The issues identified represent two categories - access and attitudes, which can be addressed when developing colorectal cancer health communication and interventions strategies for this population. Those related to adherence focused on physician recommendation and personal disease risk factors. The itemsets related to non-adherence were focused on awareness of a family history of disease and the actual presence of polyps or colitis. Items that addressed attempts to achieve a positive self-presentation were included in the survey on CRCS and were included in the final item sets.

Logistic regression

Physician or healthcare colonoscopy recommendation, history of colitis, history of polyps, family history of CRC, usual source of health care, receipt of prevention services at the place health care is usually sought, feeling embarrassed discussing CRCS with a doctor; and two items that suggest impression management – I would never allow others to be punished for something that I did and I will admit when I do not know the answer to a question - were included as independent variables in the logistic regression. The item addressing the number of phones in the home was omitted. The full model is presented in Table 5. Four items classify individuals who are CRCS adherent (53.4% of non-adherent and 83.6% of adherent participants): physician or healthcare provider colonoscopy recommendation, receipt of prevention services at the place health care is usually sought and a history of colitis or polyps (Cox & Snell R2 = .14, Nagelkerke R2 = .19; Hosmer and Lemeshow χ 2 (5) = 4.42, p = .49). Individuals with no physician recommendation to receive colonoscopy, who had not received preventive health services at the place they usually sought health care and had no history of colitis or polyps were less likely to be CRCS adherent.

Table 5 Multivariate logistic regression of non-adherence vs. adherence with CRCS (N = 911)

Discussion and conclusion

The findings suggest a streamlined set of issues and concerns that may assist in efforts to improve adherence to CRCS among older African Americans.
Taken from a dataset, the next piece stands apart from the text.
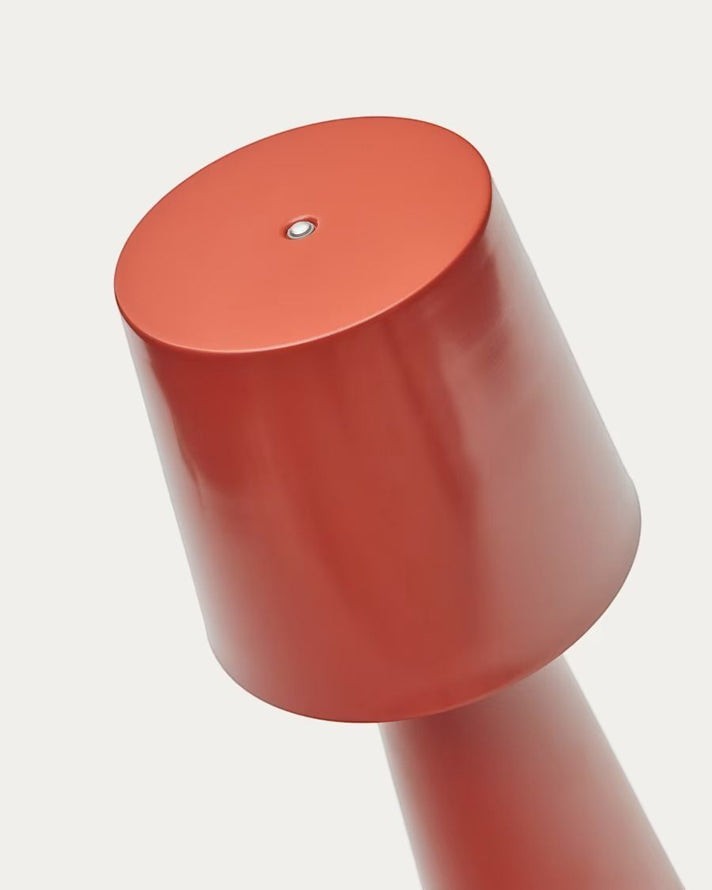 Rechargeable Metal & Aluminum Conical Table Lamp | Cordless LED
Itemsets identified using an associative data mining technique include items that are consistent with factors previously identified in the screening adherence literature; health practitioner recommendation to screen, having a risk factor for CRC, and a usual source of care are predicted using the TRA/TPB [9, 10]. Knowledge and health practitioner recommendations help to inform attitudes about the importance and positive consequences of screening; risk factors, such as prior polyps and/or colitis; increase the sense of susceptibility to the disease and reinforce attitudes related to the importance of screening. A usual source of care can be seen as reducing the barriers to screening and may stimulate a sense of screening as a normative behavior. The importance of a physician recommendation for colonoscopy, as indicated by its prominence in itemsets, may signal the importance of physicians as influencers in health decision making [45].

The importance of a usual source of care and the receipt of preventive services through that source of health care highlight the importance of access concerns. The inclusion of the item addressing the number of phones in the home in itemsets may also reflect access issues related to scope based CRCS scheduling and logistics. While not included in the logistic regression, it may suggest the need to determine whether patients have convenient and easy access to the resources required to successfully complete the more complicated process of obtaining a scope based screening test.

The items that were more strongly associated with non-adherence suggest that non-adherent African American participants without risk factors may not have perceived sufficient reason to act or see CRCS as normative behavior. This explanation is supported by the fact that social and cultural variables were unrelated to CRCS adherence. The discussion of CRCS in social and cultural terms may be necessary to generate a perceived need to screen. This issue can be tested and cultural tailoring may be relevant in evaluations of education materials tailored for special populations [46]. Messages for these individuals might also highlight the fact that CRC may occur in the absence of family history and the fact that the presence of polyps is only detected via screening at appropriate intervals after polyps have been detected. It is not surprising that non-adherent individuals have not been told that they have polyps, as identification of polyps is unlikely without endoscopic screening; further, the presence of polyps may shorten screening intervals [4, 5] for adherent individuals who report receiving this information. An alternative explanation of the presence of colitis in the non-adherent itemset may be that these individuals may have regular endoscopic procedures and additional procedures for preventive care may not be needed.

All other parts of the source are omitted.